Evaluation is conducted on SeedTTS test-vc-en and MimicLM-Test, utilizing objective (UTMOS, OVRL, WER, S-SIM, A-SIM, E-SIM) and subjective mean opinion scores.

Numerical Highlights:

  • The DPO-aligned MimicLM model reaches WER of 8.25% (full imitation setting), outperforming Vevo (9.10%) and SeedVC v2 (6.32%).
  • UTMOS, OVRL, and SIG for MimicLM (DPO) surpass or approach the strongest timbre and full-voice imitation baselines.
  • Speaker similarity (S-SIM) and accent similarity (A-SIM) for MimicLM (DPO) are competitive with or exceed most existing systems.
  • Subjective N-MOS and S-MOS for the DPO model achieve 4.71 and 4.62, distinctly higher than SeedVC and Vevo scores.
  • On MimicLM-Test, DPO reduces WER on real/real inputs from 15.80% to 13.81%, outperforming Vevo’s 17.99%.

Ablations and Data Scaling

Ablations confirm the necessity of each key component:

  • Role-swapping is critical for high-fidelity and high similarity outputs.
  • Interleaved text-audio modeling is essential for minimizing WER, especially under style transfer.
  • Preference alignment substantially reduces inference-time error rates on real audio.

Scaling analysis reveals substantial and consistent improvements for both naturalness and similarity metrics as data volume increases, indicating effective learning in the low-resource and large-data regime alike. Figure 3

Figure 3: Training data scaling curves for WER and S-SIM. Gains are non-saturating as data grows.

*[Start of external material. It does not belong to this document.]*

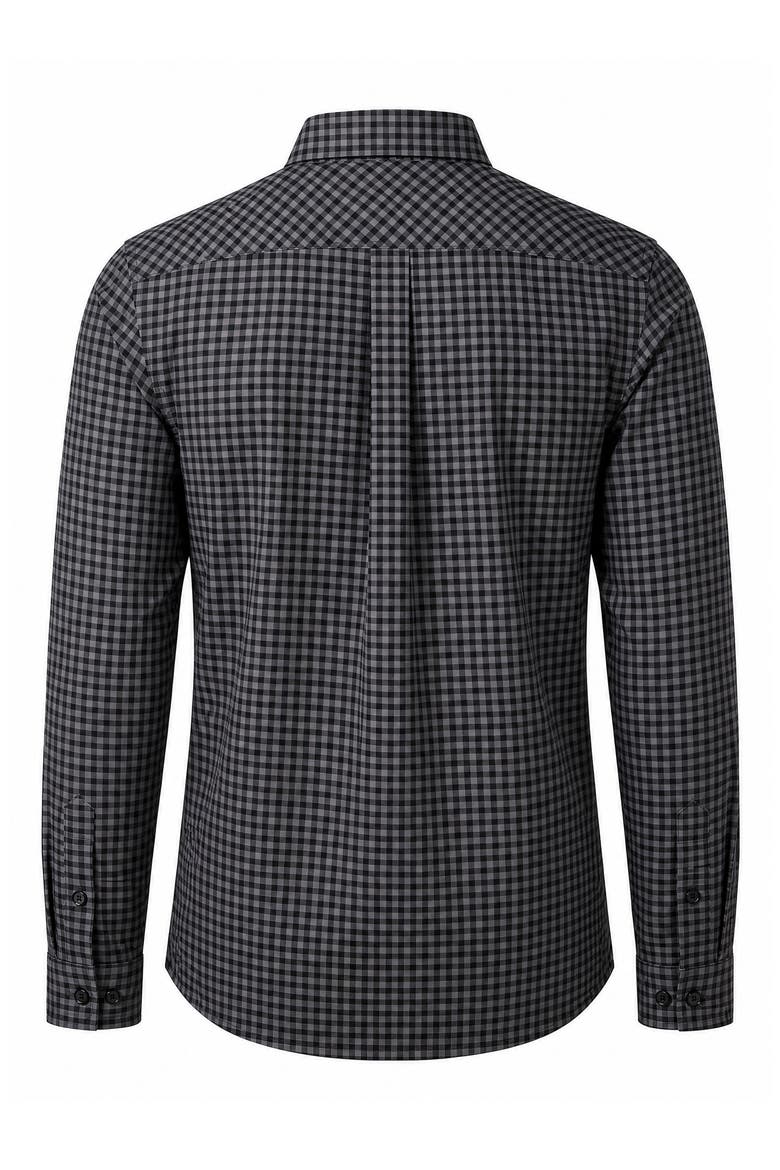 Technical Stretch Gingham Button Down Shirt, Alternate, color, GREY/ BLACK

Implications and Theoretical Impact

MimicLM demonstrates that scalable, high-quality voice imitation is achievable without elaborate disentanglement architectures or multi-stage pipelines, provided the data construction strategy inverts the traditional use of synthetic speech. This paradigm strips away the prevalent dependency on synthesis system quality for generation and establishes a model that is directly optimized for naturalistic real speech. The findings indicate that end-to-end autoregressive modeling, fuelled by well-curated pseudo-parallel corpora and robust post-training preference alignment, can match or surpass the VI capabilities of much more intricate systems.

Practically, this approach enables better generalization and higher quality in real-world applications like assistive technologies, content creation, and expressive speech synthesis. Theoretically, it challenges the necessity for complex factorization modules and emphasizes the importance of data regime design and preference modeling, suggesting a broader role for such strategies in other speech and non-speech generative models.

Limitations and Future Directions

Despite its effectiveness, MimicLM’s reliance on high-quality TTS for data generation introduces an upstream dependency and potential biases. Additionally, the computational burden of mass-scale TTS synthesis and DPO alignment is non-negligible. Although English is the primary evaluation domain, initial multilingual experiments suggest generalizability, but real-world robustness to extreme variation in speaker style, environmental noise, and accent diversity warrants comprehensive exploration.

Future research should investigate further closing the synthetic-to-real gap, enhanced cross-lingual transfer, and more efficient preference data generation mechanisms. Integration of advanced controllability and safety measures (e.g., watermarking, detection) is also essential to address potential misuse.

Conclusion

MimicLM redefines the foundation for voice imitation by learning directly from real speech targets, leveraging synthetic sources only for scalable data construction. Interleaved text-audio modeling and preference-aligned post-training enable the system to outperform or match current state-of-the-art methods, minimizing complexity while maximizing fidelity, intelligibility, and similarity. The role-swapping strategy resolves longstanding quality constraints inherent to synthetic target training, empowering future research and application in expressive speech generation.